What was special about it?

On that retreat, I would be praying at Holy Hour with the sisters before the Blessed Sacrament. By God’s Grace, it was in that time I was able to recognise God was calling me to this community of sisters. This was where I was to be – not back at my work in my little life that I had carved out for myself. It was like an anchor sinking in. The chapel is where I recognised the reality of my call to religious life. I could see I needed to respond. Like the First Apostle I needed to leave my nets and follow the Lord. I was both happy and a bit afraid of the changes and the challenges that would be ahead, but I knew the Lord was trust worthy and I knew that I definitely needed to go forward.

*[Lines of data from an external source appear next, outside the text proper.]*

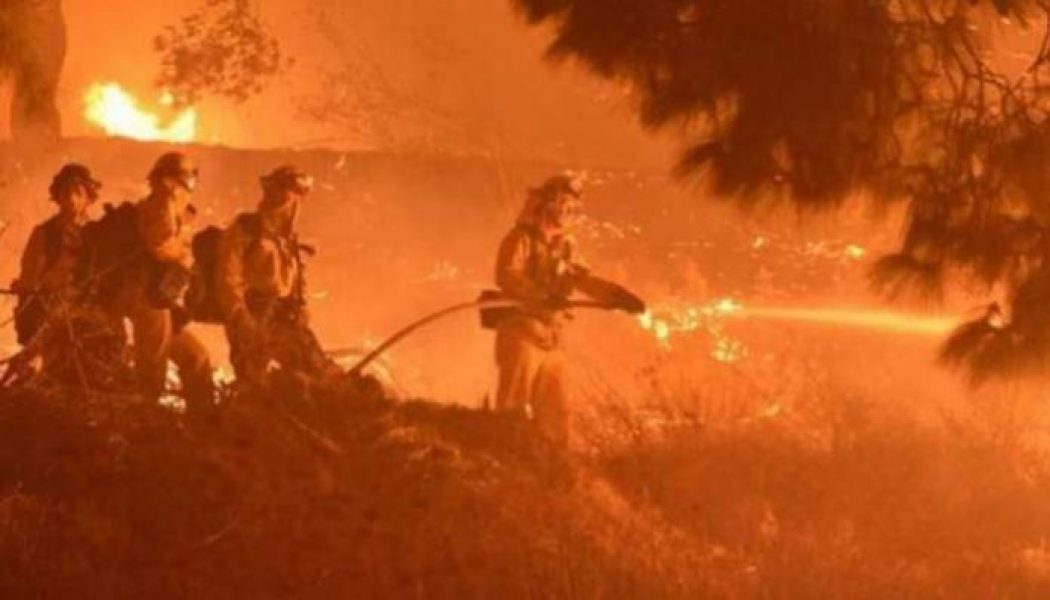 California fires force thousands to flee as governor asks for help
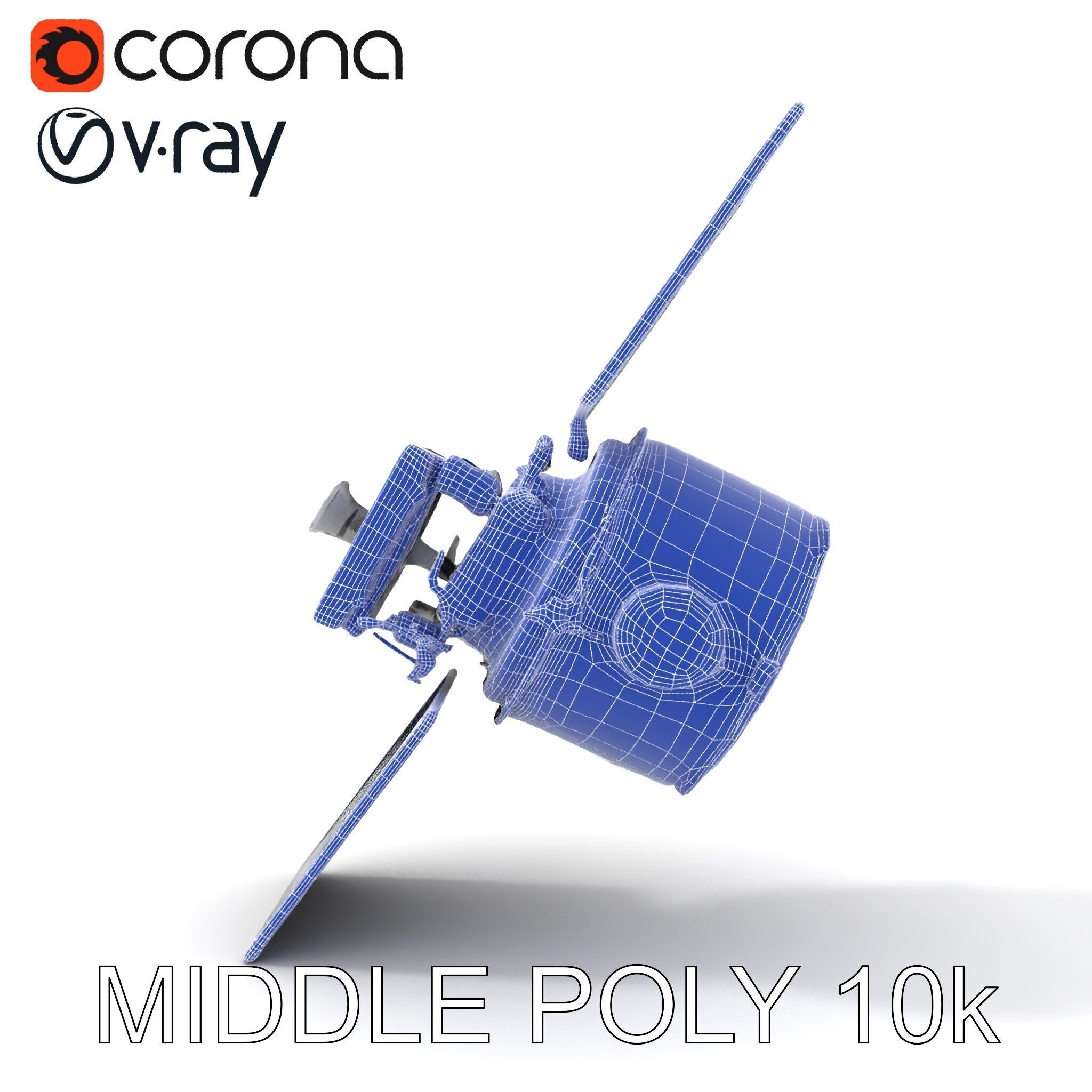Realistic Satellite Model Pack Low-poly 3D model_12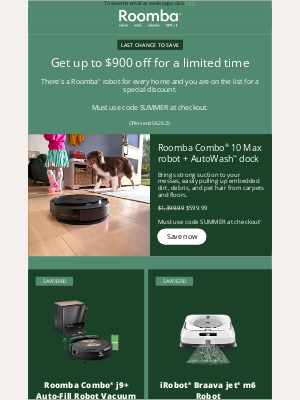 iRobot - ⏰ Hurry! Only a few hours left to save!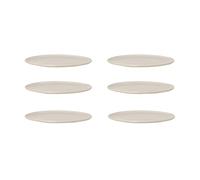Set de 6 assiette Flow L H x Ø 1.5x27cm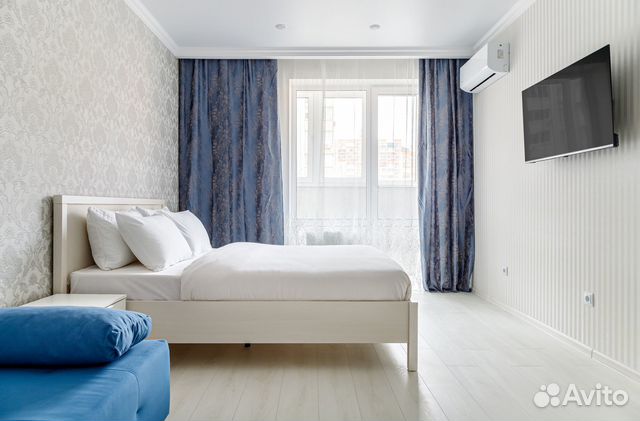 

1-к. квартира, 45 м², 2 кровати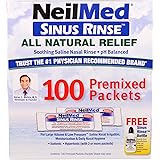 NeilMed Sinus Rinse All Natural Relief Premixed Refill Packets 100 Each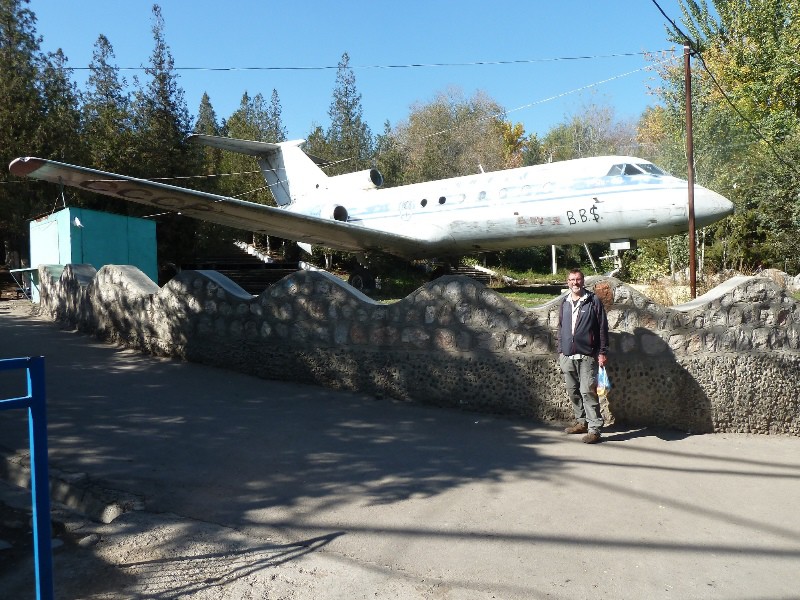 Old Russian plane in Park in Osh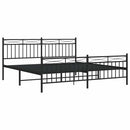 vidaXL fekete fém ágykeret fej- és lábtámlával 183 x 213 cm
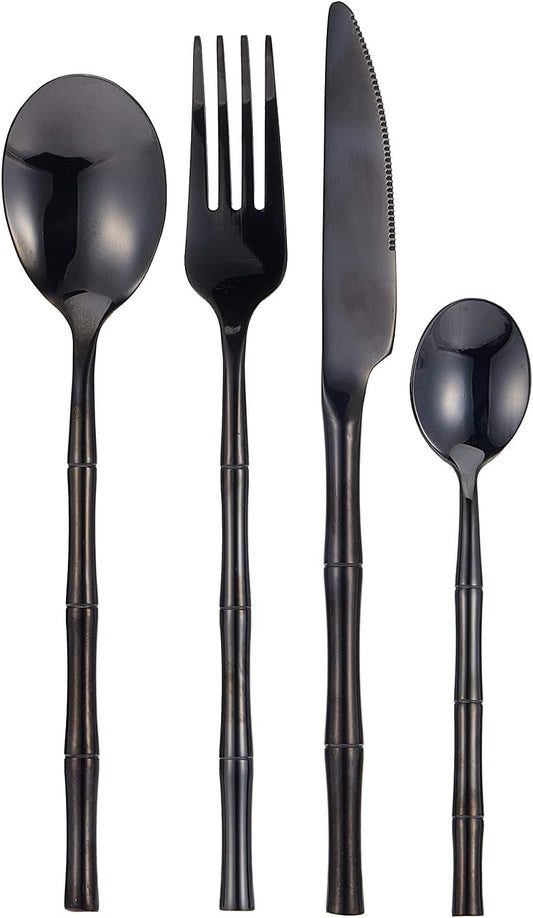 VAV GET 24-PIECE FLATWARE CUTLERY SET FOR 6 PEOPLE.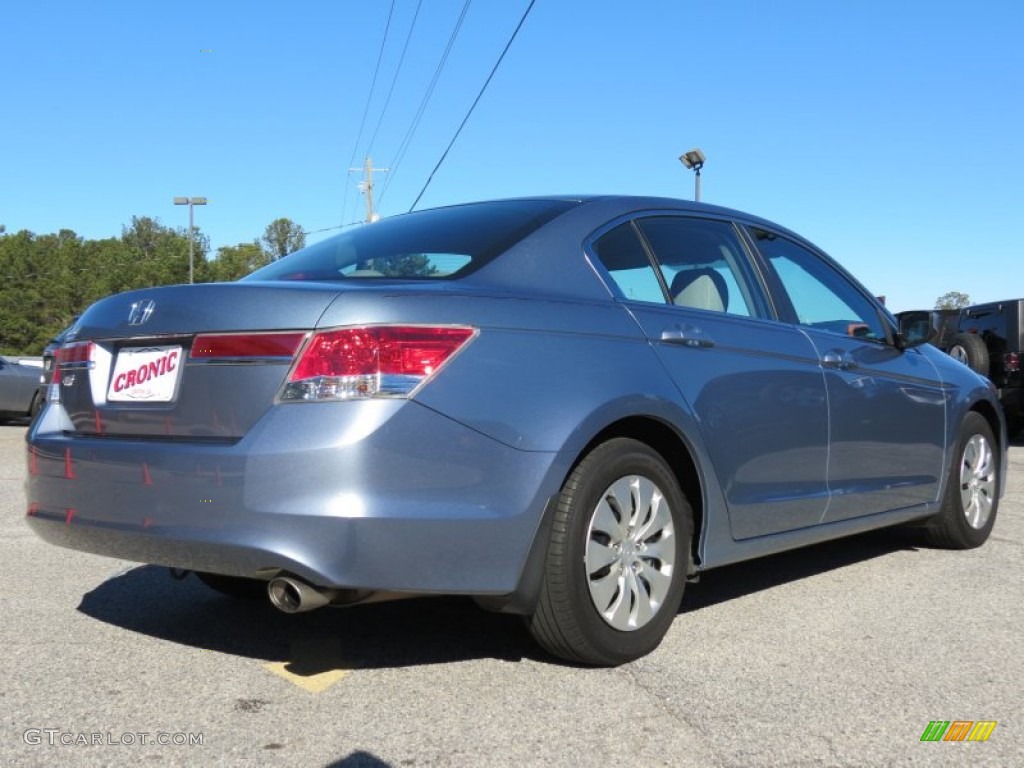 2011 Accord LX Sedan - Celestial Blue Metallic / Gray photo #7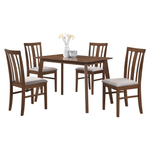 Casa si Gradina - Mobilier - Seturi de mobilier - Seturi mese si scaune - Set sufragerie 1+4, nuc/bej, ROIS SET - Infinity.ro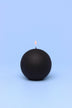 Henry Velvet Matte Soft Touch Pillar Candle in Black — lifestyle view, G Decor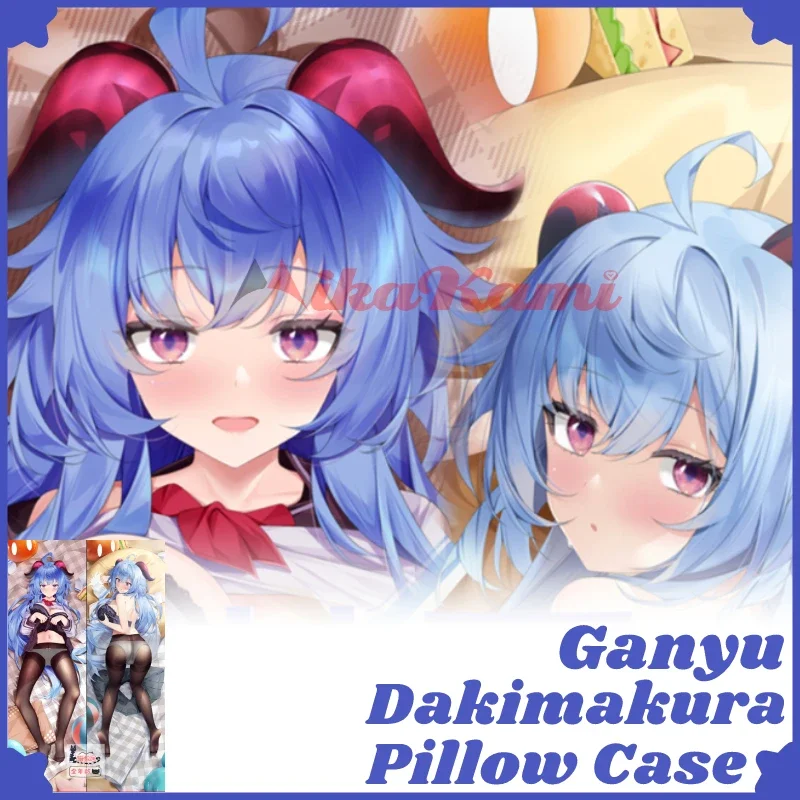 

Ganyu Dakimakura Genshin Impact Game Pillowcase Fullbody Hugging Sexy Pillow Case Otaku Cushion Cover Home Bedding Decor Gift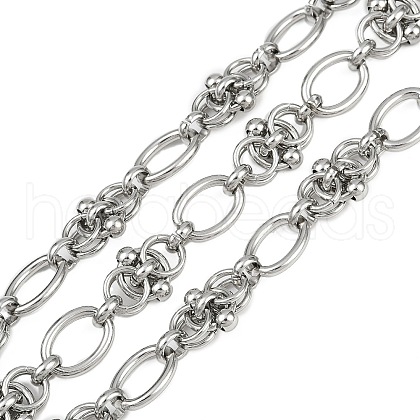 304 Stainless Steel Oval Link Chains CHS-C017-07P-1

What is special about the chapel?

Our liturgies there really are beautiful. We work together at our chanting and our singing. We have a daily choir practice. So, there’s a special love and effort that we put into the prayer in our liturgy in the chapel at the mother house.

Why is it prayerful?

It’s praying with the sisters there. It’s where we, as sisters, are formed day by day. We’re formed by common prayer life. It’s just a tremendous gift to have this chapel where we are formed together as a Religious Institute through our common prayer. It’s called our daily horarium of prayer with a morning prayer, evening prayer, and night prayer together. Then in each of our convents, that same horarium is lived out.

Your most memorable day?

The day I entered the novitiate is probably the most memorable day for me in the chapel. That’s when we receive our religious habit, our veil, and our religious name from our Superior General. I remember receiving my name that I had never imagined for my- self, but my name is Sr Miriam Fidelis, which is Mary the Woman of Faith. That was a very memorable day for me there.

Do you return there?

We mostly will all gather together there every summer with all the sisters. Before you make your perpetual vows, when you are in temporary vows, you’ll go back in the summer as well for a longer period of time. Once you’re perpetually professed, you’ll go back for two weeks. It’s a time of retreat, classes and praying in the chapel for the weeks together.